The compilation process of GCC mainly includes four stages: preprocessing, compilation, assembly, and linking. During this process, three tools are used: cc1, as, and collect2. Among them, cc1 is the compiler corresponding to the first and second stages, used to compile the source file hello.c into hello.s; as is the assembler corresponding to the third stage, used to assemble hello.s into the object file hello.o; the linker collect2 is a wrapper for the ld command, used to link the object files from the C runtime library (CRT) (crt1.o, crti.o, crtbegin.o, crtend.o, crtn.o) and the required dynamic link libraries (libgcc.so, libgcc_s.so, libc.so) into the executable hello.
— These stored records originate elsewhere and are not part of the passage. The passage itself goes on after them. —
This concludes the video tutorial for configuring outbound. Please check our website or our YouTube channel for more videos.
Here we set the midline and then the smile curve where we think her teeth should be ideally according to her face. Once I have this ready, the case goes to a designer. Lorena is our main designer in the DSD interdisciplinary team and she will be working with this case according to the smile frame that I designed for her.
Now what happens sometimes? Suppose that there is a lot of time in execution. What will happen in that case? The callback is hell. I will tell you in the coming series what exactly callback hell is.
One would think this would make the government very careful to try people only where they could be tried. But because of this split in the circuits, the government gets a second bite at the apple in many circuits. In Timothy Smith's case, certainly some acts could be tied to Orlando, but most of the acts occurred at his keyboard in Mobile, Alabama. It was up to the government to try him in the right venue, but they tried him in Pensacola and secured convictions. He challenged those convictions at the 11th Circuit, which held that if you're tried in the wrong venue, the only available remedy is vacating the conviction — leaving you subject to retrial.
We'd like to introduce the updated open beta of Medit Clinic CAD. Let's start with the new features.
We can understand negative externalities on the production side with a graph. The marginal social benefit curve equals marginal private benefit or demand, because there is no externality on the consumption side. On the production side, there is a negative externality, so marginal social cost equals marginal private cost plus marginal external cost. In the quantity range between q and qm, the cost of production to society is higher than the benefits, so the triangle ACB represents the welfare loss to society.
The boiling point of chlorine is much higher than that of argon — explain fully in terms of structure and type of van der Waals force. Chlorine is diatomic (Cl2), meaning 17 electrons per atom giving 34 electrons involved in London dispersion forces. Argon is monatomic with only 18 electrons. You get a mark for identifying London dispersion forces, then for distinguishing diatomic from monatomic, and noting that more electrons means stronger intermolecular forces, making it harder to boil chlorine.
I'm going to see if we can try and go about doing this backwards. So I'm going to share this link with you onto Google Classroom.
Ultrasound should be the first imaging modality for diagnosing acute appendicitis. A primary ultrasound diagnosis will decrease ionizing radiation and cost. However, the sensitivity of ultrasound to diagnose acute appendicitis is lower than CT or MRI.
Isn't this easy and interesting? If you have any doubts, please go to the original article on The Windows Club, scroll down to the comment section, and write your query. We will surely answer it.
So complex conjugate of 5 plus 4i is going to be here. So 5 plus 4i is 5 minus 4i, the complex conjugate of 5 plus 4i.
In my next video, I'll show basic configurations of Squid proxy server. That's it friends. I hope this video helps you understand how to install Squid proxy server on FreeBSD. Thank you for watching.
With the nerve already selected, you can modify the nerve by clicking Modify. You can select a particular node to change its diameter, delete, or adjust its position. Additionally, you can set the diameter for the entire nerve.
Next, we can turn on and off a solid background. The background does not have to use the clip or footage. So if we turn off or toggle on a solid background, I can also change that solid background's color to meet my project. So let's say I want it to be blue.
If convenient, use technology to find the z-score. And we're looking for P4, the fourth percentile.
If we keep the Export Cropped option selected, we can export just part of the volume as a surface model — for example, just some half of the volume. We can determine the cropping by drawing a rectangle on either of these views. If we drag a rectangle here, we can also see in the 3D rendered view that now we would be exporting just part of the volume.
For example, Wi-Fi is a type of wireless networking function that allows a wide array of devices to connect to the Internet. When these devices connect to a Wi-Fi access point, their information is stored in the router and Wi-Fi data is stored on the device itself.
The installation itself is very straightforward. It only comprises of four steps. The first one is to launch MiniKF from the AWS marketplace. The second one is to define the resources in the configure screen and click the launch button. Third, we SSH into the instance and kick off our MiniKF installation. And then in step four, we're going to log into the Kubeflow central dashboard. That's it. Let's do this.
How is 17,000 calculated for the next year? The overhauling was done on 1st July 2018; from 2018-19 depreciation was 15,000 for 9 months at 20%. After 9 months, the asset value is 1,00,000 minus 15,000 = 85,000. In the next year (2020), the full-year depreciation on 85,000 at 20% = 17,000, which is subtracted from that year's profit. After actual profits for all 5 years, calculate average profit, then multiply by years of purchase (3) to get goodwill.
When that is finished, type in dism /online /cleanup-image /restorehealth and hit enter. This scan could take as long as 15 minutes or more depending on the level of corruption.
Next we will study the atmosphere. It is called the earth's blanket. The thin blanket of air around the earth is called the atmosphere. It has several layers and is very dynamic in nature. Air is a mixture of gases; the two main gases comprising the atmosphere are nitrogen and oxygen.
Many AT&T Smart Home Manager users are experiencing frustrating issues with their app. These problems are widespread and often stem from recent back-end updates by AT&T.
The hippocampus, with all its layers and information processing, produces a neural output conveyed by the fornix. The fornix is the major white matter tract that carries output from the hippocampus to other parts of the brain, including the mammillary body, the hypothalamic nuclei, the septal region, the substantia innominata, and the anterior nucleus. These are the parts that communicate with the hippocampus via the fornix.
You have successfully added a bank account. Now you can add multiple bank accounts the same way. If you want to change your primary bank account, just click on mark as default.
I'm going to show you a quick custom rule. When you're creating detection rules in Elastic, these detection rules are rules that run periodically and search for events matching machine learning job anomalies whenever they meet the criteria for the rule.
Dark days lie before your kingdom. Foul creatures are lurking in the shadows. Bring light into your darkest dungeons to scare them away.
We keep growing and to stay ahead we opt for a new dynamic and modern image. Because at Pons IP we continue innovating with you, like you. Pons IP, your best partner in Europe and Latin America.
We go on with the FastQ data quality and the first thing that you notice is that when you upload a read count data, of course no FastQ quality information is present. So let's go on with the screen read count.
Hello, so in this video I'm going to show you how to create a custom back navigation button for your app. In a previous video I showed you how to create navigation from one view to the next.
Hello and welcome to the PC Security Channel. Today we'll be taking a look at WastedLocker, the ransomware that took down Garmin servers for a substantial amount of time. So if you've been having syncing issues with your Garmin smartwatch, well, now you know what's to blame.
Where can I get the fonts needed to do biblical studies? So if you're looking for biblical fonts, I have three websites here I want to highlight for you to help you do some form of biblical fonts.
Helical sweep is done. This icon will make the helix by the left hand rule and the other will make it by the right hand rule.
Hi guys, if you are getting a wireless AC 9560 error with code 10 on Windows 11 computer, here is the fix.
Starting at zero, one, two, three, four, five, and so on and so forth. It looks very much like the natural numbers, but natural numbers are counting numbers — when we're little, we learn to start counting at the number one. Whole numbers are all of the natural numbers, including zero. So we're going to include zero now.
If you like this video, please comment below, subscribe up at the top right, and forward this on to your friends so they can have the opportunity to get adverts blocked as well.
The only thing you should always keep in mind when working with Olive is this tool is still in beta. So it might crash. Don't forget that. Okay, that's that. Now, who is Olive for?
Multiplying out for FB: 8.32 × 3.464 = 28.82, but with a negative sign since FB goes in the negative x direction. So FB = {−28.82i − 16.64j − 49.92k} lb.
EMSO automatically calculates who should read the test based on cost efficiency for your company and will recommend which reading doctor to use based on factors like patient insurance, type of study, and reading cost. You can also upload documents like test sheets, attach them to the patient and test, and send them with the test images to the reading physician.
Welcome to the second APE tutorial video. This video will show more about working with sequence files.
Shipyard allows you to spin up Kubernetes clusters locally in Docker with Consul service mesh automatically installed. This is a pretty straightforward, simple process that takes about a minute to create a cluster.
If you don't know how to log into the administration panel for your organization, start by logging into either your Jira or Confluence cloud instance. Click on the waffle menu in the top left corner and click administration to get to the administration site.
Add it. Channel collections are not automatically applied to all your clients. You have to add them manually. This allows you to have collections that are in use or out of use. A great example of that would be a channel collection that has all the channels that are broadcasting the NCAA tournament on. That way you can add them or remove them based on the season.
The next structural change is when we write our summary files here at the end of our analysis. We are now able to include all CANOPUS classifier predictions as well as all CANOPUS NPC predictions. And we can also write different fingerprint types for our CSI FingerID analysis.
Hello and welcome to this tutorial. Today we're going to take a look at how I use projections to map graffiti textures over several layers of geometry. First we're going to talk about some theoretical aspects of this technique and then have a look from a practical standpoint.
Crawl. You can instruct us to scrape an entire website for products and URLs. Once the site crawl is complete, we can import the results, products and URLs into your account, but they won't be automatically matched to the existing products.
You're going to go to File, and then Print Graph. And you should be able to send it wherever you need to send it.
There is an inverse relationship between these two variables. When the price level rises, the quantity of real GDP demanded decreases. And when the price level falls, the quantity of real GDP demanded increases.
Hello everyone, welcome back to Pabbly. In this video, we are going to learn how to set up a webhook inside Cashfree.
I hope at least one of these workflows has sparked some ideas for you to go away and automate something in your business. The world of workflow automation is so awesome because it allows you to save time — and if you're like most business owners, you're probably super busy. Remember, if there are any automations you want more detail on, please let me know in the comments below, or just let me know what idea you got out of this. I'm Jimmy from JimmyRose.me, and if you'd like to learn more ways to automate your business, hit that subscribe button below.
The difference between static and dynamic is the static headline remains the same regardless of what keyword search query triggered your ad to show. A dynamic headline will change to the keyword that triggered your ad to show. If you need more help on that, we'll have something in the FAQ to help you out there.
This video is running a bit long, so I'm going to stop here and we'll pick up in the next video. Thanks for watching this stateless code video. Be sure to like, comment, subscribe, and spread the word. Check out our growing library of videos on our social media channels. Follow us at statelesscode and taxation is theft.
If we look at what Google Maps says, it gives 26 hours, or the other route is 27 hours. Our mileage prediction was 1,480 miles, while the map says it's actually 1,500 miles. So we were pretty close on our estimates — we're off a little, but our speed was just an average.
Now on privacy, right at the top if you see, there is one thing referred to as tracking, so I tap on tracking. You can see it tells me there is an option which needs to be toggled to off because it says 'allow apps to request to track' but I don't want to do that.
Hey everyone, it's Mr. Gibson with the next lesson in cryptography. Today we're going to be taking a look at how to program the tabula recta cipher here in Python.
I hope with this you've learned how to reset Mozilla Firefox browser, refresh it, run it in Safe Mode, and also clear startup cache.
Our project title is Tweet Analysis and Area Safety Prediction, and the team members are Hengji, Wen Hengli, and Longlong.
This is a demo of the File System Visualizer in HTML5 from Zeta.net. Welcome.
The second stage of GCC compilation is the compilation stage, which performs a series of lexical analysis, syntax analysis, semantic analysis, and optimization on the preprocessed file, ultimately generating assembly code. By adding the compilation option “-S” in the command, the target can be either the source code hello.c or the preprocessed file hello.i. In fact, in the implementation of GCC, preprocessing and compilation have been combined.
GCC defaults to using AT&T syntax for assembly language; adding the compilation option “-masm=intel” can specify it to the familiar Intel format. The compilation option “-fno-asynchronous-unwind-tables” is used to generate assembly instructions without CFI macros to improve readability.